Many criticisms can be mounted against the forum. Smaller countries have good reasons to fear the realpolitik that the new concert of great powers brought back into a supposedly multilateral, rules-based international system. The G20 tries to deflect the charge by “engaging,” through numerous talking shops, with civil society organisations, women’s rights groups, unions and other organisations. For Trump’s United States, the organisation paying lip service to progressive issues du jour — climate, health care and equity — is naturally suspect. In addition to the president’s hostility to South Africa’s leadership, the meeting’s agenda is a main reason for the US boycott this year.
Yet, it seems safe to assume that the G20 is here to stay, despite its current crisis. As a result, the United States would do well not to turn its back on the forum but shift its center of gravity toward friendly and like-minded countries. Facilitating Poland’s full membership is the easiest and most straightforward way to achieve that goal.
Poland is fully qualified for membership. This year, it became the world’s 20th largest economy, and Polish real incomes are on a par with Japan. Poland is the most important regional power in a part of the world that has recently seen the deepest challenge to world peace and the international order since 1945 — Russia’s war against Ukraine — and yet has no representation at the forum, unlike Russia.
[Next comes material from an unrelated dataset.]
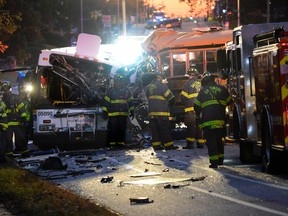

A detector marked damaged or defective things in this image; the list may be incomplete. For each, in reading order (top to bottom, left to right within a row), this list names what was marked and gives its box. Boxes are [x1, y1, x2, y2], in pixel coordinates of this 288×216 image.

wrecked school bus [29, 34, 125, 150]
wrecked school bus [142, 27, 234, 125]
And, finally, Poland is America’s most reliable and consistent ally on the European continent.
To bring Poland to the table, in addition to France, Germany, the United Kingdom and Italy, is to rectify an age-long blind spot of U.S. and Western policymaking, which has reduced Central and Eastern Europe to an object, shaped by great powers — instead of a geopolitical force endowed with agency.
To give a voice to Poland is also to give a voice to Ukraine, whose survival — as Polish political elites understood already in the 1920s — is essential to Poland’s own nationhood. It is to give a voice to a host of smaller but important Nordic and Baltic nations, with whom Poland shares a basic strategic outlook. And given the G20’s focus on the economy, it is also to give a voice to the only major European economy with a recent track record of major structural reforms and consistently solid rates of growth.